Since 2016, the Small Grants programme has been providing technical and financial support for the Urok Council’s efforts.
The project reinforced a model of sustainable management of spaces and resources in the Urok Community Marine Protected Area (MPA) and has benefitted 974 people.
Additional activities included a detailed cartography of forest cover and land use; creation of plant nurseries; training on agroecology techniques in family farming; and the production and broadcasting of radio programmes to promote agroecological practices.

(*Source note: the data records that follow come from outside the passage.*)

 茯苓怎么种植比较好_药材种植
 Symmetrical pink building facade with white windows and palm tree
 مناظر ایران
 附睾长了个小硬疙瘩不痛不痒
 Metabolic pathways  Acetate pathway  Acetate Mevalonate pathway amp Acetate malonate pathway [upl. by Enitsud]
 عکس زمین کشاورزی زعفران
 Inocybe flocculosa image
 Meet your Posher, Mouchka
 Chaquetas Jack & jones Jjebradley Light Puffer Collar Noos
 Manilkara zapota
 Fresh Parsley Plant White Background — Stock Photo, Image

A central nursery was established in the Wada Tabanca community on Formosa Island, supplemented by an additional nursery in Tabanca. Species grown include jackfruit, black chili peppers, palm plants and more. Additional nursery equipment (e.g. hoes, watering cans, wheelbarrows, sprayers) was purchased to support the nurseries.
As agroecology techniques in family farming were promoted, local farmers benefitted from new seeds and techniques for the production and diversification of food crops for the 2017-2018 agricultural campaign, where 120 peasant families from 13 communities were supplied with arable rice seeds, beans, corn and mango.

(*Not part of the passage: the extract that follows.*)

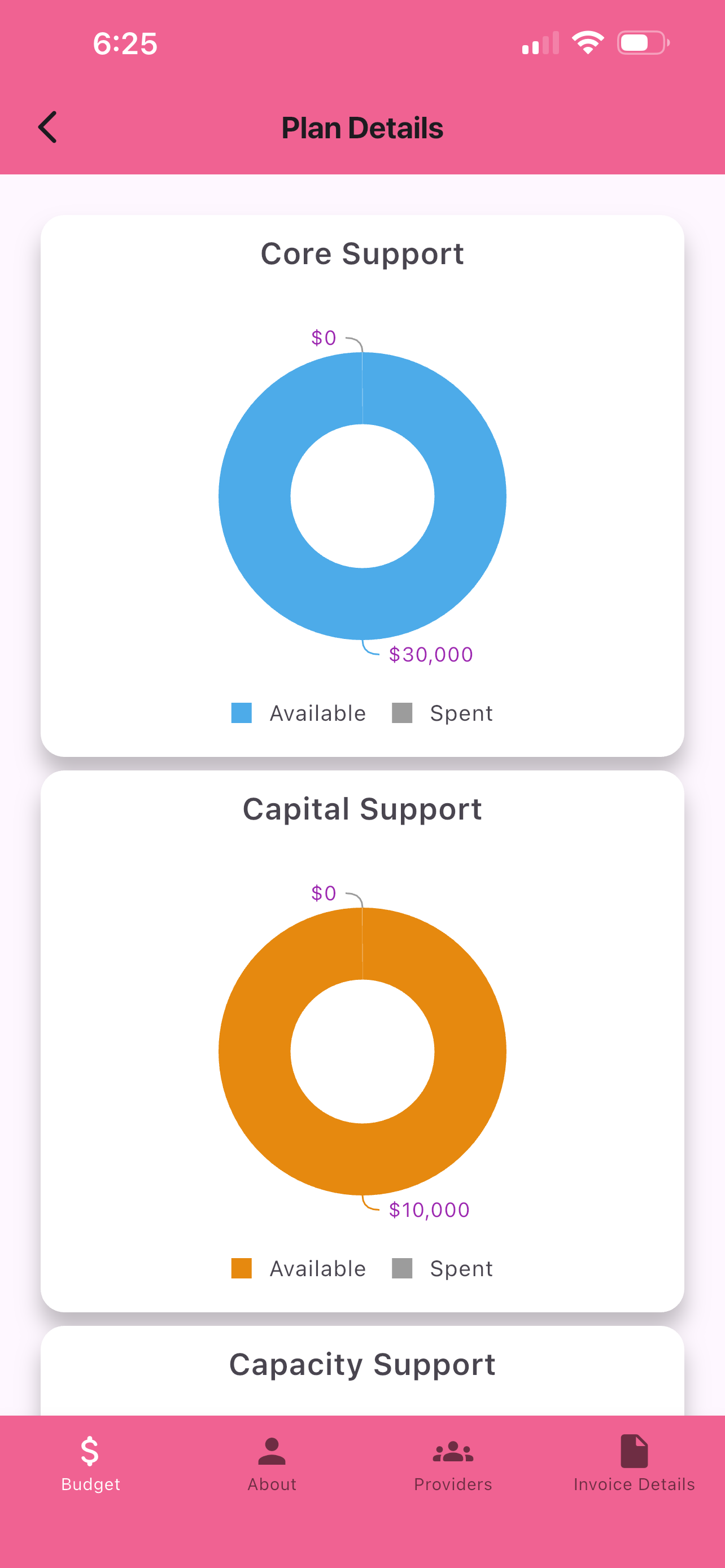 Planaji App - Real-Time Budget Tracking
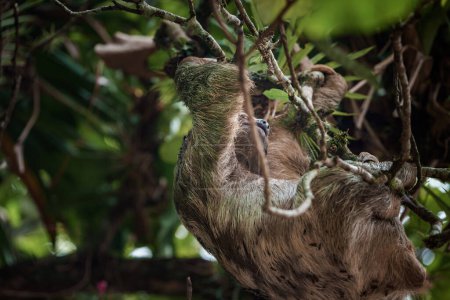 Téléchargez les photos : Jolie paresseuse accrochée à une branche d'arbre. Portrait parfait d'un animal sauvage dans la forêt tropicale du Costa Rica se grattant le ventre, Bradypus variegatus, paresseux à trois doigts à gorge brune. - en image libre de droit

Also as part of project activities, and in partnership with the community radio station Fala de Urok, the project coordinated broadcasts of educational and environmental awareness programmes tailored for the communities of the three islands and, in particular, to community school students and farmers.
These programmes dealt with issues related to the importance of traditional agricultural seeds, food security, field preparation (pabi), conservation of resources and space, the importance of family farming, agricultural diversification, pest control, and the role of school gardens in strengthening family farming.
Now the MPA covers 54,500 hectares of culturally and ecologically important sites around the islands of Chedia, Nago, and Formosa, including over 3,000 hectares of mangrove forests providing crucial fish habitat.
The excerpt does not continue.